Can You Canute?

(Note: this is the column I would like to have written for my local paper, The East Lothian Courier, but was constrained to half the words and neither of the maps)

The new agreement between the SNP and Greens to govern Scotland in a loose coalition comes none too early for our environment. Both parties have displayed good environmental credentials. This makes the goal of carbon-neutrality by 2045 all the more plausible. However, even if this goal is reached, there is no guarantee that other, far more prolific greenhouse gas emitters will follow suit.

Look at any Admiralty chart or decent shoreline map and you find a line wriggling between land and sea marked “MHWS”. Those living along the coast know the tides don’t just come in and go out twice a day, but the amount varies between “Neap” (small) and “Spring” (large) tides. Along East Lothian’s coast, tides vary between a 2m and 6m difference between extremes. HWMS (High Water Mean Springs) shows how high up the beach the sea gets at high tide. Its position is changing—for the worse.
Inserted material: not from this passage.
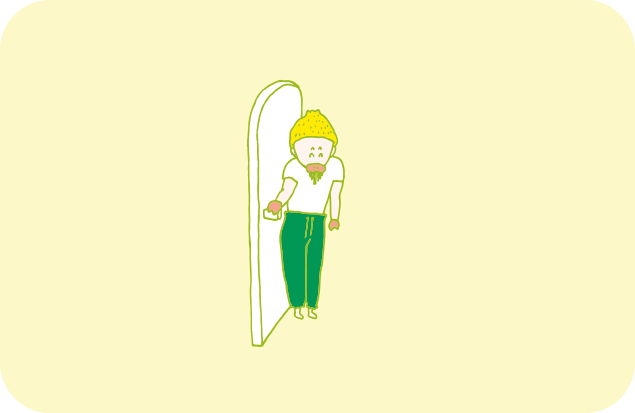 ニコニコしているゴミ屋敷の主人のイラスト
The problem of global warming is likely to continue and worsen. The 1.5 – 2.0 degree C temperature rise will almost inevitably lead to sea level rising over the next few decades. Research by Climate Central, made up of leading scientists and journalists who research climate change and its impact on the public, have predicted some serious coastal flooding in Scotland by 2050.

As the planet warms, seas expand, glaciers and (especially) massive, thick ice sheets high out of the water on Greenland and Antarctica melt, adding volume to raise sea level. It took the 19th and 20th centuries to add 20 cm to sea level. It took the last 20 years to add another 5 cm. The next three decades are expected to add 10 cm, 20 cm and 30 cm, respectively as warming accelerates. The total of less than 1m may not sound much, but other factors are involved.

NASA’s Sea Level Change Science Team at the University of Hawaii have highlighted a factor liable to make things worse before 2040. The Moon, which causes tides, has an 18.6-year cycle during which it “wobbles” This suppresses the height of high tides for half that cycle (which we are now entering) and amplifies them for the other. The next amplification, reaching perhaps an additional 10 cm, will be during the 2030s.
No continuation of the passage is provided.